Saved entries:
------------------------------

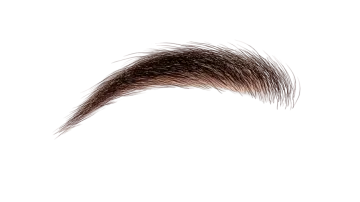 a close up view of a brown eyebrow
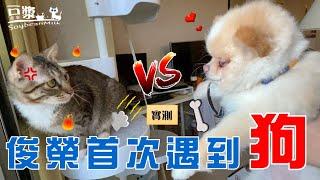 【豆漿實測】 俊榮生平第一次遇到狗　就直接開扁！！ ft.@lia.625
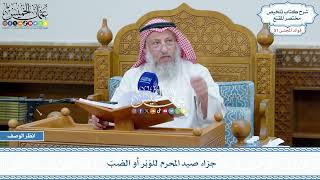 2642 - جزاء صيد المحرم للوَبْر أو الضبّ - عثمان الخميس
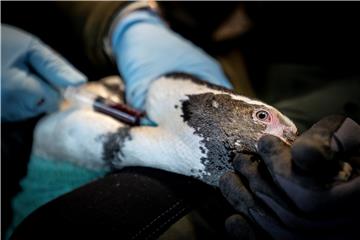 DENMARK ZOO BIRD FLU VACCINE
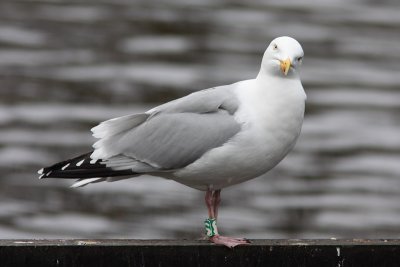 Zilvermeeuw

------------------------------

- [What the exercise asks]:
Each line above should be printed again exactly, though the pictures should not be.

- [Response to this task]:
 a close up view of a brown eyebrow
 【豆漿實測】 俊榮生平第一次遇到狗　就直接開扁！！ ft.@lia.625
 2642 - جزاء صيد المحرم للوَبْر أو الضبّ - عثمان الخميس
 DENMARK ZOO BIRD FLU VACCINE
 Zilvermeeuw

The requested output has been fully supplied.